Exercise details: From the data underneath, reproduce exactly the stretch that begins at the line with "Konferensi pers film" and ends after the line with "13. Stage Camino".

═════ Records to process ═════

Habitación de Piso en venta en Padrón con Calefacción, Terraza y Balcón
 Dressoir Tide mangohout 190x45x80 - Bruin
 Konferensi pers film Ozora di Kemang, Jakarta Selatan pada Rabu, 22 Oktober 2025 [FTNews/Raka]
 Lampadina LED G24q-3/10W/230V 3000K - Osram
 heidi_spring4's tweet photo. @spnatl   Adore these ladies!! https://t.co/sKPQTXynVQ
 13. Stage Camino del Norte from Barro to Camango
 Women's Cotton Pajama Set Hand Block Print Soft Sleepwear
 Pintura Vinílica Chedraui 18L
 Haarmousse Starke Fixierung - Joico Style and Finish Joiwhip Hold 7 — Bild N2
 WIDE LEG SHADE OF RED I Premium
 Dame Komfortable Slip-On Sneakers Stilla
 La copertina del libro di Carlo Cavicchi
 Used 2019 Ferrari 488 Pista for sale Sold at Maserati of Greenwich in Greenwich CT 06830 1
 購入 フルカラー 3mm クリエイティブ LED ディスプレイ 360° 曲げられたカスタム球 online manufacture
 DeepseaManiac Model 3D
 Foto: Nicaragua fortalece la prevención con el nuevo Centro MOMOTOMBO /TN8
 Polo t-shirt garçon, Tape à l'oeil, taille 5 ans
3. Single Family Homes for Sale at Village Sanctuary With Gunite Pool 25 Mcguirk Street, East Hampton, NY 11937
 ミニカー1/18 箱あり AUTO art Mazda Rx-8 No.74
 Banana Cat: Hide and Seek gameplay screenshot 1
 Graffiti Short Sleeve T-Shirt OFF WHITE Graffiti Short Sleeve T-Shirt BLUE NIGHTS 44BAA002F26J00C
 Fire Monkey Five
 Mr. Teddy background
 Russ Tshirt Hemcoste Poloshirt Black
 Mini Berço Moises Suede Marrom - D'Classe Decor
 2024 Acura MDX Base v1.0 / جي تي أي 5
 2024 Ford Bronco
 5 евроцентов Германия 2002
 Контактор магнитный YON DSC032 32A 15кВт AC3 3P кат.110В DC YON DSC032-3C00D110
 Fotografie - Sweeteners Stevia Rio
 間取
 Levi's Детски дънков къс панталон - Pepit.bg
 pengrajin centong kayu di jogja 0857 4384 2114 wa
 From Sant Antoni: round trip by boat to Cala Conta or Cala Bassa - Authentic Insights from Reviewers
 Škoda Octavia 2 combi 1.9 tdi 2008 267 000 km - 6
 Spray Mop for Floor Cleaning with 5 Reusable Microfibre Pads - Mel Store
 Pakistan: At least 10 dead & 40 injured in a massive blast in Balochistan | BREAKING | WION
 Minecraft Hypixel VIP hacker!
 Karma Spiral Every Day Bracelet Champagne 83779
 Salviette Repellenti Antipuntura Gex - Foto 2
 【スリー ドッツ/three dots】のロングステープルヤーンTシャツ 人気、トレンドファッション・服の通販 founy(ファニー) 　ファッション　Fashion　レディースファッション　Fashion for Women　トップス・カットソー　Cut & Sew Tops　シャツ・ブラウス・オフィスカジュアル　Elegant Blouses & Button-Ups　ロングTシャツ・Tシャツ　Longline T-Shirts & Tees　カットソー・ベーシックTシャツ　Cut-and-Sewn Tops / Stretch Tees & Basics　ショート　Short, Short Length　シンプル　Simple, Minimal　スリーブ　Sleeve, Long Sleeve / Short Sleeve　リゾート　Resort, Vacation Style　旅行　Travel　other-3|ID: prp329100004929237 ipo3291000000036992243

═════

Answer to this exercise:
 Konferensi pers film Ozora di Kemang, Jakarta Selatan pada Rabu, 22 Oktober 2025 [FTNews/Raka]
 Lampadina LED G24q-3/10W/230V 3000K - Osram
 heidi_spring4's tweet photo. @spnatl   Adore these ladies!! https://t.co/sKPQTXynVQ
 13. Stage Camino del Norte from Barro to Camango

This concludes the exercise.